Mark Wahlberg stars in "The Fighter."
Take the intensity of "Raging Bull," add a dose of "Rocky" inspiration, and mix in the tawdry family squabbles featured on TV's "The Jerry Springer Show" and you have "The Fighter" (Paramount), a fact-based drama that follows two half-brothers from Lowell, Mass., who long for fame—and redemption—via the boxing ring.

The siblings are Dicky Eklund (Christian Bale) and Micky Ward (Mark Wahlberg). Micky idolizes his older brother, the "Pride of Lowell," who once had his big shot as a welterweight boxer, going 10 rounds with the great Sugar Ray Leonard.

But the years have not been kind to Dicky, who has been on a self-destructive binge of drugs and loose women, all the while promising to mold Micky into the next world champion.

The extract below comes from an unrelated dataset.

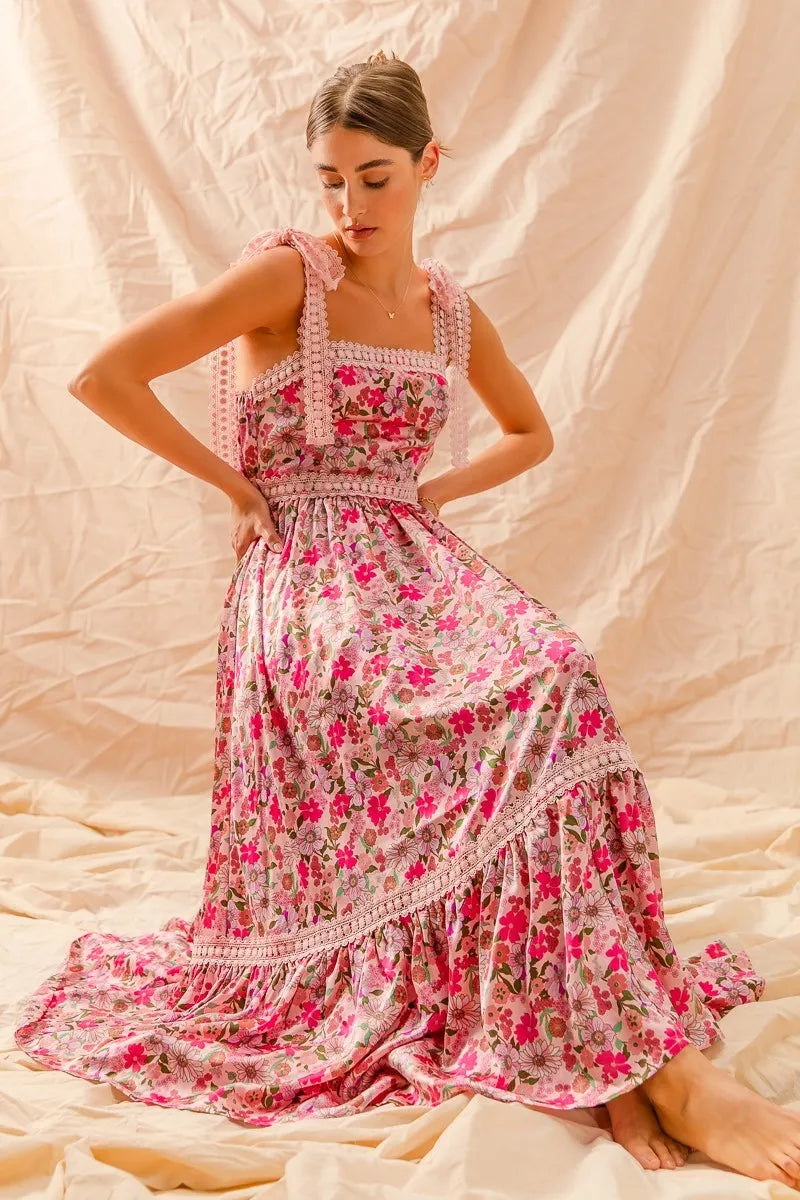 SO ME Floral Maxi Dress With Ribbon Tie Lace Strap - Sydney So Sweet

Bale's performance is a revelation, and effectively steals the movie. A whirling dervish of twitches, one-liners, and extreme pathos, Dicky refuses to accept that his time has passed. He is convinced that the HBO film crew following him around is documenting his great comeback, when in reality they are producing a program on the horrors of crack addiction.

To Micky, family is everything. He sacrifices his own dreams for the sake of Dicky's approval and, especially, for their monster of a mother, Alice (Melissa Leo). She's a chain-smoking harridan who acts as their manager, hammering her sons to bring home the bacon. Surrounding Alice are her seven other children, all daughters with big blond hair, short shorts, and potty mouths.

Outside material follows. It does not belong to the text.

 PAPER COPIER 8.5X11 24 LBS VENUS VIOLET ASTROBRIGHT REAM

This Greek chorus with far too much makeup provides "The Fighter" with comic relief of a sort, and their catfights would not be out of place on lowest-common-denominator daytime television.

Micky earns a reputation as a "stepping stone," a fighter who consistently loses matches, allowing the superior pugilist to advance. Alice regards her younger son merely as a source of revenue to bankroll Dicky's comeback—even at the risk of Micky's life.

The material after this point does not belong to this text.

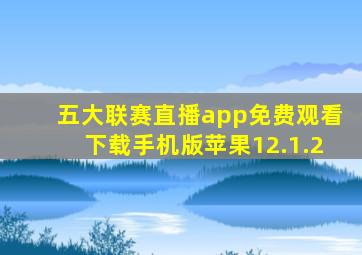 五大联赛直播app免费观看下载手机版苹果12.1.2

Enter the barmaid with a heart of gold, Charlene (Amy Adams). "You think your family's looking out for you?" she asks Micky, giving him the confidence to chart his own destiny. She stands up to Alice and the sisters, using her fists when necessary.

With her bare midriff and profane tongue, Adams, who rose to stardom playing a Disney princess in "Enchanted," has strayed very far from the realm of the Magic Kingdom.

When Dicky beats up a cop and goes to prison, Micky is at a crossroads: Give up fighting or go it alone. He chooses the latter, breaking with his family. "I'm trying to figure out what's best for me," he says. "I'm sick of being a disappointment."

As Micky's fortunes improve, Dicky monitors his sibling's progress from prison, and is inspired to turn his own life around, as is Alice.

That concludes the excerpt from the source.